What carries the argument
Unified action space rule modeling inside a Group Relative Policy Optimization loop that updates the vision-language model from a few thousand multi-platform demonstrations.
If this is right
- GUI agents can be trained for new platforms with orders-of-magnitude less labeled data.
- Policy optimization can replace or augment supervised fine-tuning for high-level interface tasks.
- A single model can handle mobile, desktop, and web environments after exposure to a modest shared dataset.
- Real-world deployment of GUI agents becomes feasible with smaller, platform-agnostic training corpora.
Where Pith is reading between the lines
- The same reinforcement recipe might extend to other embodied control domains that currently rely on massive supervised datasets.
- If the unified action space proves robust, future work could test whether it supports zero-shot transfer between entirely different interface styles.
- Developers might experiment with mixing the 3K seed set with synthetic trajectories generated by the model itself to further reduce human curation effort.
- The reported gains suggest that reasoning-style reinforcement loops can improve perception-action loops even when the input is a screenshot rather than text.
Load-bearing premise
A small set of carefully chosen high-quality examples plus a shared action vocabulary is enough for the model to handle new interfaces without large-scale supervised training.
What would settle it
A new benchmark interface where GUI-R1 accuracy falls below the accuracy of a supervised model trained on the same 3K examples or where the performance gap to OS-Atlas disappears.
read the original abstract
Existing efforts in building Graphical User Interface (GUI) agents largely rely on the training paradigm of supervised fine-tuning on Large Vision-Language Models (LVLMs). However, this approach not only demands extensive amounts of training data but also struggles to effectively understand GUI screenshots and generalize to unseen interfaces. The issue significantly limits its application in real-world scenarios, especially for high-level tasks. Inspired by Reinforcement Fine-Tuning (RFT) in large reasoning models (e.g., DeepSeek-R1), which efficiently enhances the problem-solving capabilities of large language models in real-world settings, we propose \name, the first reinforcement learning framework designed to enhance the GUI capabilities of LVLMs in high-level real-world task scenarios, through unified action space rule modeling. By leveraging a small amount of carefully curated high-quality data across multiple platforms (including Windows, Linux, MacOS, Android, and Web) and employing policy optimization algorithms such as Group Relative Policy Optimization (GRPO) to update the model, \name achieves superior performance using only 0.02\% of the data (3K vs. 13M) compared to previous state-of-the-art methods like OS-Atlas across eight benchmarks spanning three different platforms (mobile, desktop, and web). These results demonstrate the immense potential of reinforcement learning based on unified action space rule modeling in improving the execution capabilities of LVLMs for real-world GUI agent tasks.
Editorial analysis
A structured set of objections, weighed in public.
Referee Report
Summary. The paper proposes GUI-R1, the first R1-style reinforcement learning framework for GUI agents. It trains LVLMs via Group Relative Policy Optimization (GRPO) on a small curated dataset of 3K high-quality trajectories spanning Windows, Linux, macOS, Android, and Web platforms, using a unified action space rule model. The central claim is that this yields superior performance over prior SOTA methods such as OS-Atlas (trained on 13M examples) across eight benchmarks on mobile, desktop, and web, using only 0.02% of the data volume.

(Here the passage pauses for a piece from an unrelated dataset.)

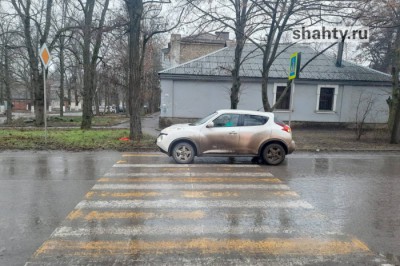 Автоледи сбила женщину в Шахтах на пешеходном переходе на улице Пролетарской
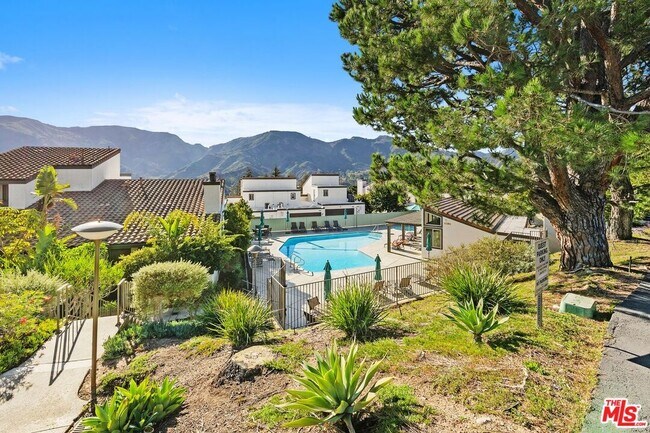 Building Photo - 1732 Palisades Dr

Significance. If the performance delta is reproducible and the RL contribution is isolated, the result would indicate that unified-action-space GRPO on carefully curated small data can outperform large-scale SFT baselines for GUI agents. This would support a shift toward data-efficient RL paradigms for real-world interface agents and reduce reliance on massive supervised datasets.
major comments (3)
- [Experiments] Experiments section: no ablation applies standard supervised fine-tuning to the identical 3K curated trajectories and unified action-space rules. Without this control, the headline claim that GRPO (rather than curation quality or base-model strength) drives the gains over OS-Atlas cannot be isolated and remains load-bearing for the central argument.
- [Results] Results and evaluation sections: benchmark definitions, exact task splits, statistical significance tests (e.g., confidence intervals or p-values), and precise baseline re-implementation details are not provided. This makes it impossible to verify the reported superiority across the eight benchmarks.
- [Method] Data curation and method sections: the process for selecting the 3K examples and formalizing the unified action-space rules is described only at high level. More concrete specification of selection criteria and rule encoding is required to assess reproducibility and rule out selection effects.
minor comments (1)
- [Abstract] Abstract and introduction: the 0.02% data claim should be accompanied by a precise citation or table entry for the 13M figure used by OS-Atlas.
Simulated Author's Rebuttal
We thank the referee for the constructive and detailed feedback. We address each major comment below and will revise the manuscript to incorporate the suggested improvements, which we believe will strengthen the clarity and rigor of our claims regarding the effectiveness of GRPO on curated small-scale data for GUI agents.
read point-by-point responses
-
Referee: [Experiments] Experiments section: no ablation applies standard supervised fine-tuning to the identical 3K curated trajectories and unified action-space rules. Without this control, the headline claim that GRPO (rather than curation quality or base-model strength) drives the gains over OS-Atlas cannot be isolated and remains load-bearing for the central argument.
Authors: We agree that directly comparing GRPO to standard SFT on the exact same 3K trajectories is essential to isolate the RL contribution. While our primary comparisons were against large-scale SFT baselines like OS-Atlas, we will add this ablation experiment in the revised manuscript. The new results will demonstrate performance differences attributable to the policy optimization step under identical data and action-space conditions. revision: yes
-
Referee: [Results] Results and evaluation sections: benchmark definitions, exact task splits, statistical significance tests (e.g., confidence intervals or p-values), and precise baseline re-implementation details are not provided. This makes it impossible to verify the reported superiority across the eight benchmarks.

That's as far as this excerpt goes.